== Exercise requirements ==
Each line in the material below, starting at the one that contains "11th: A. 12th: A." and ending at the one that contains "Hello and welcome.", should be repeated exactly; the pictures should not.

== The data ==
****************************************
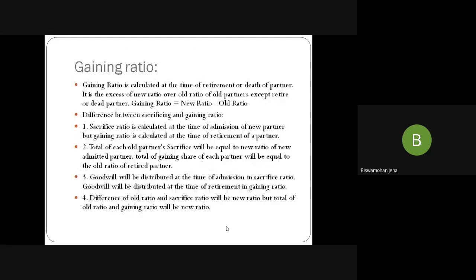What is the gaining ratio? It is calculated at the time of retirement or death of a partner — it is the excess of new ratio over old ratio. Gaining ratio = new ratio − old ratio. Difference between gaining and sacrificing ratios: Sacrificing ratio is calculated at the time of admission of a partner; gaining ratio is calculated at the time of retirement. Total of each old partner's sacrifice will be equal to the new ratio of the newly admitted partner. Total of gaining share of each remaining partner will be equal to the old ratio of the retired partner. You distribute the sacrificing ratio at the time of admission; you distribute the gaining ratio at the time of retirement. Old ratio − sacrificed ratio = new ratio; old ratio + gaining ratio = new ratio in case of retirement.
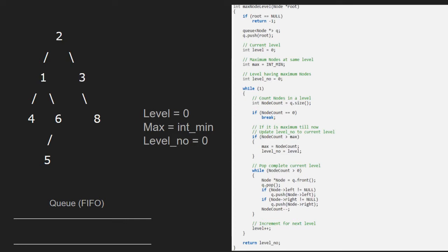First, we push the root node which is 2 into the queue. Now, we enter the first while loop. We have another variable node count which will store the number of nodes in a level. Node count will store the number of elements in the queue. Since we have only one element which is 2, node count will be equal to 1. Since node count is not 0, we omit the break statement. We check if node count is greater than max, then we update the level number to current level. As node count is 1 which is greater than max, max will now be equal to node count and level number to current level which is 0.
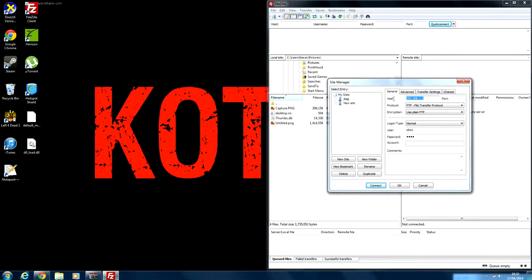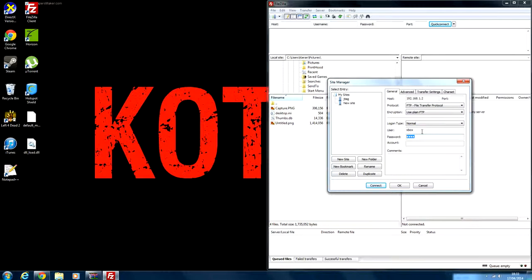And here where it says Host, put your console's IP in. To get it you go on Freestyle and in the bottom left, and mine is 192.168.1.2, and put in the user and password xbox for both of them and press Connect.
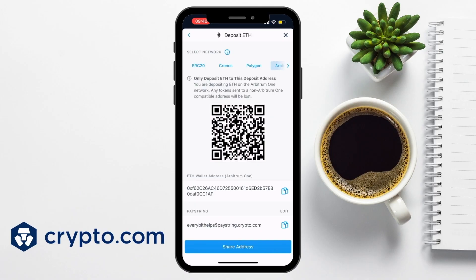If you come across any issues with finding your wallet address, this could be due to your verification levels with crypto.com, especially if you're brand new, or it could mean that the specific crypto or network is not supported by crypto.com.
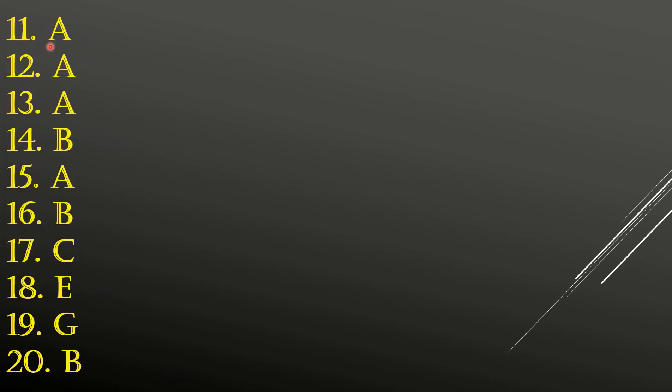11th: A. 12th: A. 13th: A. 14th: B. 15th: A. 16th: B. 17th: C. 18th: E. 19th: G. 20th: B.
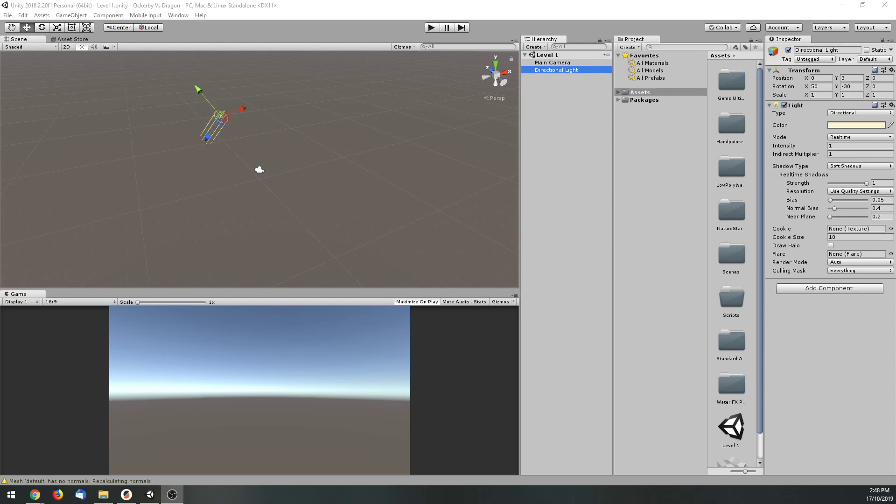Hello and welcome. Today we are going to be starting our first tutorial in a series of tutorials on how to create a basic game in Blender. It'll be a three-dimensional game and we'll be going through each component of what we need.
****************************************
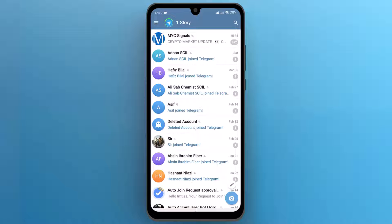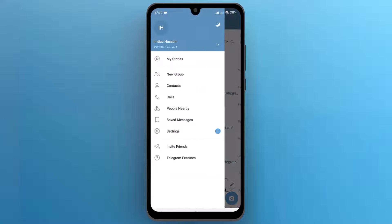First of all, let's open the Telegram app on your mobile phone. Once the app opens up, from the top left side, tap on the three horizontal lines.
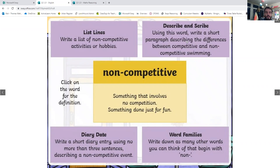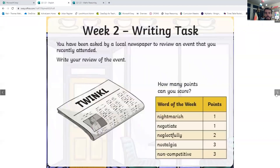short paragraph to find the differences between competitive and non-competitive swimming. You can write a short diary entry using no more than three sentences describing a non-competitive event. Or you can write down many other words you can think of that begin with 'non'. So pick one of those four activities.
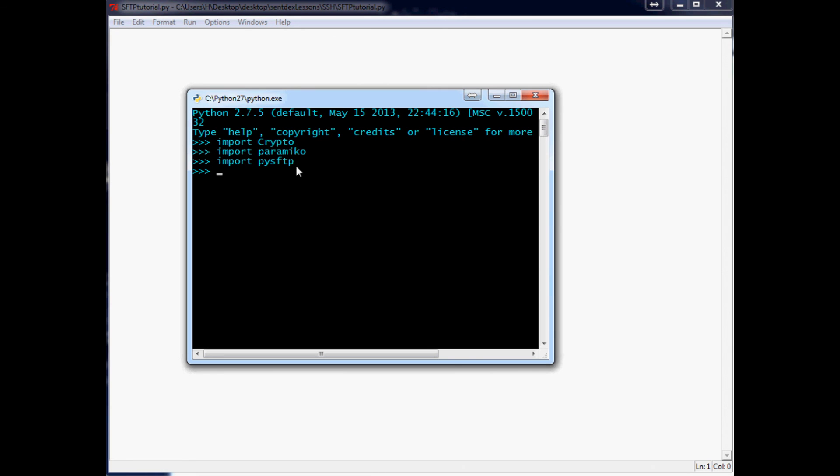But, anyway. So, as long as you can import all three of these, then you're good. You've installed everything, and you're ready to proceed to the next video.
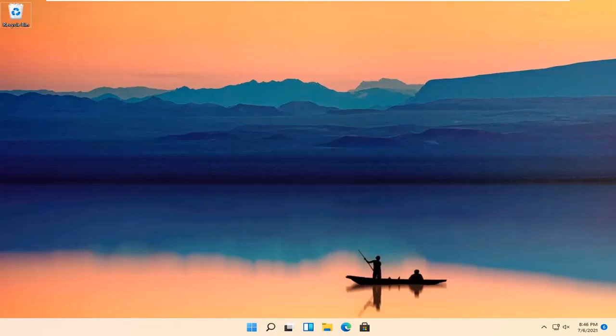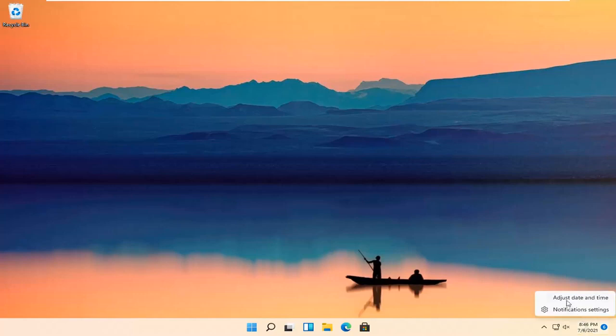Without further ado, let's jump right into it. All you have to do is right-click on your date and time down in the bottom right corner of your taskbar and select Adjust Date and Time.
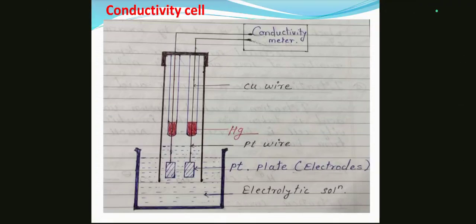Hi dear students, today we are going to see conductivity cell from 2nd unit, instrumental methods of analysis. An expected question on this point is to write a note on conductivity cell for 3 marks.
****************************************
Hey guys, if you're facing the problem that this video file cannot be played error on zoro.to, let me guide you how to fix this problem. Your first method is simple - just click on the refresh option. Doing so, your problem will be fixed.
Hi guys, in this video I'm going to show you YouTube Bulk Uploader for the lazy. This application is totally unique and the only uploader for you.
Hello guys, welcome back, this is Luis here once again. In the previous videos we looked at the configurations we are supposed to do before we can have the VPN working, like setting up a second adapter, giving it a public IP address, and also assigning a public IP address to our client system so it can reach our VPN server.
****************************************
== Problem solution ==
11th: A. 12th: A. 13th: A. 14th: B. 15th: A. 16th: B. 17th: C. 18th: E. 19th: G. 20th: B.
Hello and welcome. Today we are going to be starting our first tutorial in a series of tutorials on how to create a basic game in Blender. It'll be a three-dimensional game and we'll be going through each component of what we need.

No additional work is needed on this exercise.